The MPhil in Egyptology normally has two paths through the curriculum. The first, Syllabus A, allows those with previous training in Egyptology to pursue their study of the subject to a higher level, to gain specialised expertise, and to begin advanced research in an area of their choice. The second, Syllabus B, enables graduates in another discipline to convert to Egyptology through a graduate level course that offers a certain amount of specialisation, including a significant element of advanced research. In both cases, syllabuses are tailored to the interests of individual students.

The study of ancient Egyptian language and textual culture lies at the heart of the degree and is generally a major component of Syllabus A. The principal focus throughout is on detailed familiarity with the primary sources, studied in the original language and through the original manuscripts where possible, and with various methods and approaches. Use of a range of interpretive and analytical approaches to the primary sources is integral to the course, including, for example, historiographical and/or literary-critical frameworks; overall there is an emphasis on texts as artefacts in a material context.

The syllabus can also be designed with an archaeological and/or material-culture focus.
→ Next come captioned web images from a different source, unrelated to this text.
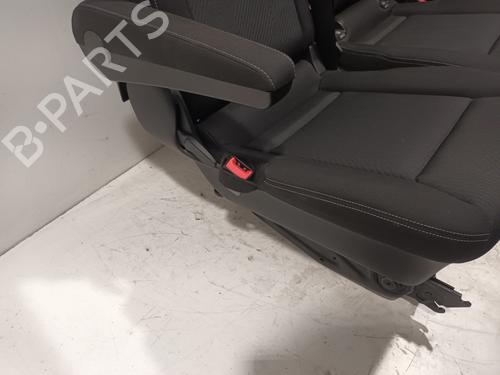 Rear seat RENAULT TRAFIC III Bus (JG_) 2.0 dCi 150 (JGMU) | BP36595317C17  - Image 6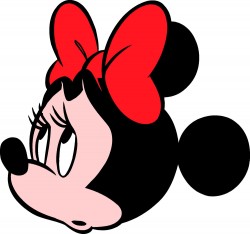 To the left to see Mickey Mouse vector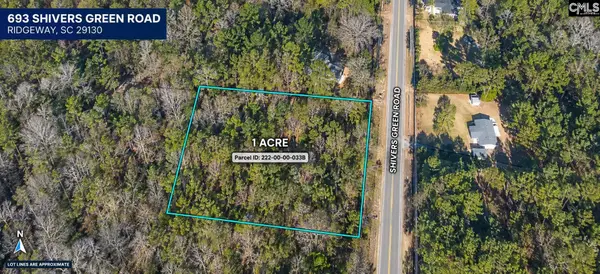 693 Shivers Green Road, Ridgeway, SC 29130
You will have the opportunity to develop your skills in working with Egyptian artefacts from the extensive and diverse collections of the Ashmolean Museum. The MPhil dissertation, written during the second year, will give you the opportunity to identify and design your own research project and to develop advanced research skills.

The MPhil is a very intensive course. For example, you must treat the university vacations as integral parts of your work time and you will be expected to take relatively limited holidays. From the start of your course you should also think about whether you need to do fieldwork in Egypt or elsewhere and when this will best be done. Where possible, if you have not been to Egypt before you should ideally try to visit before the end of the course, even as a tourist.

In the second year, you should expect to spend the Easter vacation finishing your dissertation, which must be submitted half way through Trinity term. Depending on the course design, there can also be a take-home examination at the start of Trinity term of the second year. Research essays that are to be revised and assessed for another element in the course must also be completed and handed in by the end of Hilary term of the second year.

The final examinations are sat during and/or after the end of Trinity term. In some cases the syllabus may be varied to enable students to take and be examined in options that are offered at the same time for other courses. Similarly, different examination provision may also be made for students who have chosen options that are offered in other departments, such as Classics or archaeology.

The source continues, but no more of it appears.